- Deptford
- Coordinates: 37°34′17″S 147°41′00″E﻿ / ﻿37.571307°S 147.6833378°E
- Population: 0 (2016 census)
- Postcode(s): 3875
- Location: 27 km (17 mi) N of Bairnsdale ; 241 km (150 mi) E of Melbourne ;
- LGA(s): Shire of East Gippsland
- State electorate(s): Gippsland East
- Federal division(s): Gippsland
Suburbs around Deptford:
| Marthavale | Stirling | Tambo Crossing |
| Ryans | Deptford | Double Bridges |
| Bullumwaal | Waterholes Fairy Dell | Bruthen |

= Deptford, Victoria =

Deptford is a locality in the Shire of East Gippsland, Victoria, Australia. In the 2016 census, Deptford had a population of 0.

A former mining town of which little remains, the Deptford locality today is entirely located in state forests, variously the Yowen-Burrun State Forest, Warriballat State Forest, Haunted Stream State Forest and the Bruthen State Forest. The former townsite, on the Nicholson River, is now the Deptford Picnic Area. The Haughtons Flat Diversion Tunnel, south of the old townsite, is listed on the Victorian Heritage Register.
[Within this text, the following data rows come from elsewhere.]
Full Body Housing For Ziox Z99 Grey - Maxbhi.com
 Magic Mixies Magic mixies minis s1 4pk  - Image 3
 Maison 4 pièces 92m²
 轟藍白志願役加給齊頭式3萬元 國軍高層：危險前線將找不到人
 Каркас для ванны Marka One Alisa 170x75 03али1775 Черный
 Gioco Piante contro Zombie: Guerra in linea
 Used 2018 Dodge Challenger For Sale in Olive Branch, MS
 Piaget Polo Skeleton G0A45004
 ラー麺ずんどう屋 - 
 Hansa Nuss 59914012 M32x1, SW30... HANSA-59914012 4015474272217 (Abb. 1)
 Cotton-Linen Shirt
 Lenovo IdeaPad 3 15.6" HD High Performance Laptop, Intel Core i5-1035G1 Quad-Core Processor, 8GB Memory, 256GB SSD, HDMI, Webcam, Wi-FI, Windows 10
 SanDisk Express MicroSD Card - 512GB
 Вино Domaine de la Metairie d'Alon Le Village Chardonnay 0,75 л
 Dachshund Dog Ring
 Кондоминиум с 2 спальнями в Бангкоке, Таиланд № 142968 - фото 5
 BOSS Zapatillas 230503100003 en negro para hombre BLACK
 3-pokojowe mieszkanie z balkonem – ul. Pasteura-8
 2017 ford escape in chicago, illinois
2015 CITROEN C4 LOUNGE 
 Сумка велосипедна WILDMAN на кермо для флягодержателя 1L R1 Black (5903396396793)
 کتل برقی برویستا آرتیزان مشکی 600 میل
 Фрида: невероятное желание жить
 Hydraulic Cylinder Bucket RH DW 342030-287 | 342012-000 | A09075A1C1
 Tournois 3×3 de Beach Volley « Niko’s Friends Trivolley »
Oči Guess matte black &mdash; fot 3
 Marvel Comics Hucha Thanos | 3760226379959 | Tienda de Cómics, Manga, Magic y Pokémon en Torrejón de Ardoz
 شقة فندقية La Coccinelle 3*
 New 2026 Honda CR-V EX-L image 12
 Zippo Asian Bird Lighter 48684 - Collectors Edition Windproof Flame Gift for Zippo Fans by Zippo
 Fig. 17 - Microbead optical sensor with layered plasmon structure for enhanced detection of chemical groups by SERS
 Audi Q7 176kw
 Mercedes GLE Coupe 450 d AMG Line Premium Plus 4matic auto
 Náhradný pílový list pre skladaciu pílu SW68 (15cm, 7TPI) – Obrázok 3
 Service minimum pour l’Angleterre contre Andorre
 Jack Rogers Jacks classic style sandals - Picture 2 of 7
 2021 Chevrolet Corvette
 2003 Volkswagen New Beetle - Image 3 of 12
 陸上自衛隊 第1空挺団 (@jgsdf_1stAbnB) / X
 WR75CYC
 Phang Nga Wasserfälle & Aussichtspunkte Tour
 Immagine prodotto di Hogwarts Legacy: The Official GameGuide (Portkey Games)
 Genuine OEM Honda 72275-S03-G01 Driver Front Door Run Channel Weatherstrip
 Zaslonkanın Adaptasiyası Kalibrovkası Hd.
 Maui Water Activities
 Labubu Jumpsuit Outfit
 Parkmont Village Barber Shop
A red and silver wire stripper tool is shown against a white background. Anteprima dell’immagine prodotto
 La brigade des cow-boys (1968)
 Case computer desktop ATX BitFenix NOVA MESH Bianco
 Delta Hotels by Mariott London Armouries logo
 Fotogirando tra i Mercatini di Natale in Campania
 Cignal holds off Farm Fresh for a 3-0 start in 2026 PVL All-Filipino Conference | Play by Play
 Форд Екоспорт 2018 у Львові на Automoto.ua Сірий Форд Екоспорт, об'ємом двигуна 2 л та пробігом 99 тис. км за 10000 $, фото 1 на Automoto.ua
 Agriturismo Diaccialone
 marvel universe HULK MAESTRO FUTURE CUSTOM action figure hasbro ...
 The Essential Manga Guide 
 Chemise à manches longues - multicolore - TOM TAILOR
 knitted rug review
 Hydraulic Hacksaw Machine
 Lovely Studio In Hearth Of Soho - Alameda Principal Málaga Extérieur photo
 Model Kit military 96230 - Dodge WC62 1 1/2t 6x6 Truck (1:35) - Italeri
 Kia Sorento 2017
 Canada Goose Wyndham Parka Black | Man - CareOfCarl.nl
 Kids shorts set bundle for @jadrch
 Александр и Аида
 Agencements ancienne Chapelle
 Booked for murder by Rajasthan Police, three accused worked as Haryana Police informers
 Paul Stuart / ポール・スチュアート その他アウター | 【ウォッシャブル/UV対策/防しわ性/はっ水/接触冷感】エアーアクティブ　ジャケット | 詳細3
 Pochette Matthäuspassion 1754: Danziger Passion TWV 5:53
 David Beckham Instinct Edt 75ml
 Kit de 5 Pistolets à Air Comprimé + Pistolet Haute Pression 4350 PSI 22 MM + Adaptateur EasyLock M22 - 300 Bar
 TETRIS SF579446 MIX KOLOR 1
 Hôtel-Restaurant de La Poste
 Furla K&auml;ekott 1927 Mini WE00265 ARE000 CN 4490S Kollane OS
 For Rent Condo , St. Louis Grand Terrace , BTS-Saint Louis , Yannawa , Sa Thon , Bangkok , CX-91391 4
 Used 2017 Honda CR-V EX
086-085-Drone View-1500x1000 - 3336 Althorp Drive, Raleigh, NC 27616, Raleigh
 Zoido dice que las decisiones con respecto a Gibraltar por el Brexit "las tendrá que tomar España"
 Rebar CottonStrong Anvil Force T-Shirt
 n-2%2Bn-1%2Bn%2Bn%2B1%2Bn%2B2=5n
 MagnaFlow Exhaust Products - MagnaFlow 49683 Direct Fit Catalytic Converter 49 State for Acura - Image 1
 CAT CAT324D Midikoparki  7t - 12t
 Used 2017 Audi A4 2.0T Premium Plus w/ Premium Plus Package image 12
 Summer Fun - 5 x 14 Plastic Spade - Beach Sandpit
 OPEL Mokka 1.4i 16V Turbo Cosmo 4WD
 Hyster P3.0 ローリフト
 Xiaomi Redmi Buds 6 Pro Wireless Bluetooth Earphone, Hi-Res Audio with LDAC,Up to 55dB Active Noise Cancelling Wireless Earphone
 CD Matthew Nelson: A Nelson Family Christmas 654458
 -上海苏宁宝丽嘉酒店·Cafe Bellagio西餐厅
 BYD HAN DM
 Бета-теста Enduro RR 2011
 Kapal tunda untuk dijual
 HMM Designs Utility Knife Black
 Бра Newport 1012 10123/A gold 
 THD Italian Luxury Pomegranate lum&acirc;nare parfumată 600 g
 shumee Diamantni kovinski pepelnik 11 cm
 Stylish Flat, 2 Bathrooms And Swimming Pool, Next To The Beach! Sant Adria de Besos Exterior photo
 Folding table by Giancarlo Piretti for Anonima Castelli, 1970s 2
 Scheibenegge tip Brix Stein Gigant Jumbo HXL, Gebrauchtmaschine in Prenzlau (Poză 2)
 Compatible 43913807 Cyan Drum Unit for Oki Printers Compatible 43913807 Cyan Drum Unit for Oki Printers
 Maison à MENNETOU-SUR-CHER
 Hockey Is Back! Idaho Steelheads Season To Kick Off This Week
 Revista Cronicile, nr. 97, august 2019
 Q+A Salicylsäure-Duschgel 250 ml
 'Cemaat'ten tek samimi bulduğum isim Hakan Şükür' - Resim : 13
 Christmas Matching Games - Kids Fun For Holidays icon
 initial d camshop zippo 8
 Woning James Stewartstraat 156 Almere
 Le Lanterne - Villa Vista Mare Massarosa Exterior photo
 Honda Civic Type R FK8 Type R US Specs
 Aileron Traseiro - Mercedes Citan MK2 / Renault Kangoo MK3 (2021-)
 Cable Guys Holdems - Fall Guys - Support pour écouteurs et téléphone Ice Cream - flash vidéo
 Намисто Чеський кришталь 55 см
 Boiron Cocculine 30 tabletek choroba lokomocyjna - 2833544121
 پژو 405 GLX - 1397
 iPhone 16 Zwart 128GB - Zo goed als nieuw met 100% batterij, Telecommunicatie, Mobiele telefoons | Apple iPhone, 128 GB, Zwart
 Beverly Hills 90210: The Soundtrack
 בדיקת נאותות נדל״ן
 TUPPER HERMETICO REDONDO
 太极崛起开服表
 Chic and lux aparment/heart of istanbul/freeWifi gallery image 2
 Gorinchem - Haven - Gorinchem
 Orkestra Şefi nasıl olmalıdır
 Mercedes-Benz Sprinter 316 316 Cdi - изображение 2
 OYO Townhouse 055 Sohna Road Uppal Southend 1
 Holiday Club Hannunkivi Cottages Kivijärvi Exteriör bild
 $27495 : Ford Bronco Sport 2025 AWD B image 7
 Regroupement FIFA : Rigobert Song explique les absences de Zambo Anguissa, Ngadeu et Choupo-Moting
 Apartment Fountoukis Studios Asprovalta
Deptford was established in 1864, replacing the nearby Store Creek settlement as the service town for the Nicholson River Goldfield. Mining in the area was largely shaft-based across three main reefs, with some small-scale alluvial prospecting in the Nicholson River. The population varied over the decades depending on the state of the mining industry, peaking at approximately 300.

In 1867, the town had two stores, two butchers' shops and a bakery, with two hotels under construction. The Gippsland Times said of Deptford: "The manners and customs of the place are of a primitive nature, interspersed with a good deal of drinking and civil fights, especially on Saturday nights, a good index that there is money in circulation". The town had no doctors, clergymen or policemen at that time. All buildings apart from the store, a hotel and three timber houses were reportedly "simple bush structures of spars and bark".

The Travellers' Rest Hotel (also known as the Miners' Rest Hotel) opened in 1865, was extended in 1894, and burned down in 1905. The first Deptford Post Office opened on 22 February 1868 and closed around September 1878; the second opened on 16 February 1885, was downgraded to a receiving office on 1 July 1927 and closed on 30 June 1928. Deptford State School (No. 3151) opened in January 1892 and closed in 1928. A church, used by both Anglican and Presbyterian congregations, was built in the 1890s.

The original Deptford cemetery was located on Navigation Creek, but was eroded by flooding and was subsequently moved. The first recorded burial was in 1870 and the last in 1898 - the year in which the cemetery was officially gazetted.

The former Store Creek settlement is now located within the broader locality of Deptford. It was the main settlement on the goldfield prior to the founding of Deptford. A government battery there was established in 1898.